Print exactly the lines below between the line holding "CHANEL N°19 PARFUM 香水 パルファム14mlのサムネイル" and the line holding "Bild: Neuen Zug", inclusive, and nothing more.

** RECORDS TO PROCESS follows **

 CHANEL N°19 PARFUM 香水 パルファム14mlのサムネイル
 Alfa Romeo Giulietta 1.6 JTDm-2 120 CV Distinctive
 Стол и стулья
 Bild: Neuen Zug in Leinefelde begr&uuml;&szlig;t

** End of RECORDS TO PROCESS **
** RECORDS TO PROCESS follows **

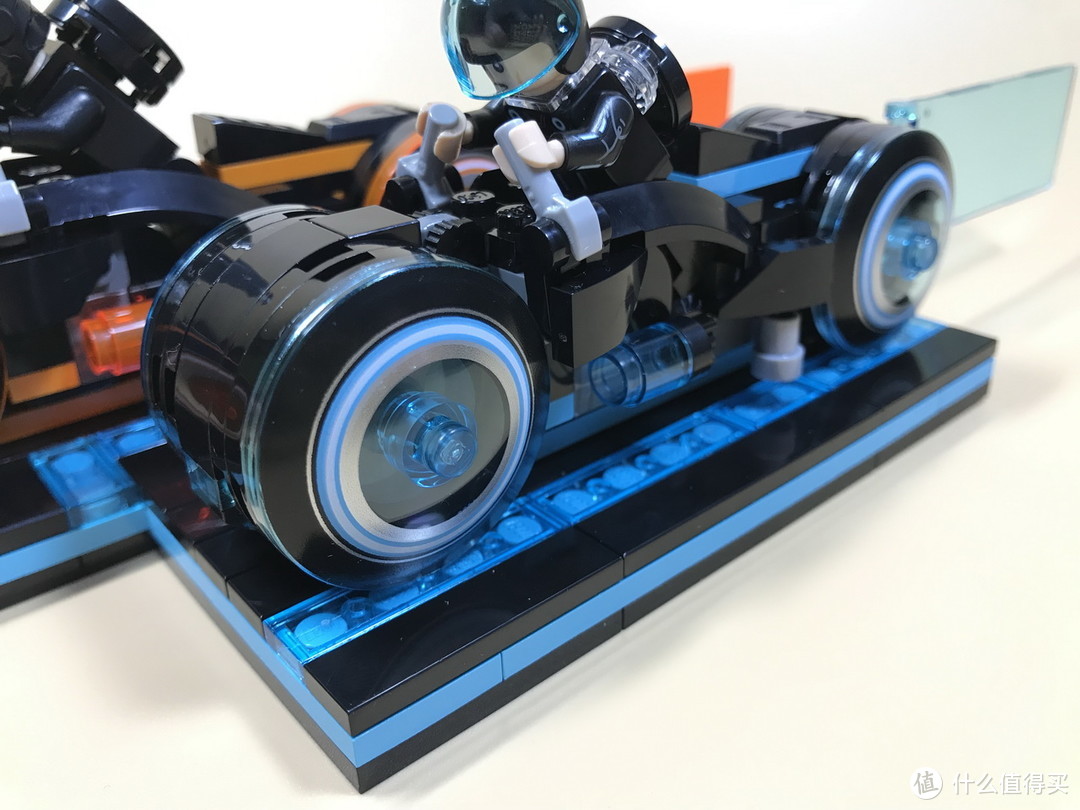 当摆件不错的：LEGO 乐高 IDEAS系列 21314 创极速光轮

** End of RECORDS TO PROCESS **

TASK SOLUTION:
 CHANEL N°19 PARFUM 香水 パルファム14mlのサムネイル
 Alfa Romeo Giulietta 1.6 JTDm-2 120 CV Distinctive
 Стол и стулья
 Bild: Neuen Zug in Leinefelde begr&uuml;&szlig;t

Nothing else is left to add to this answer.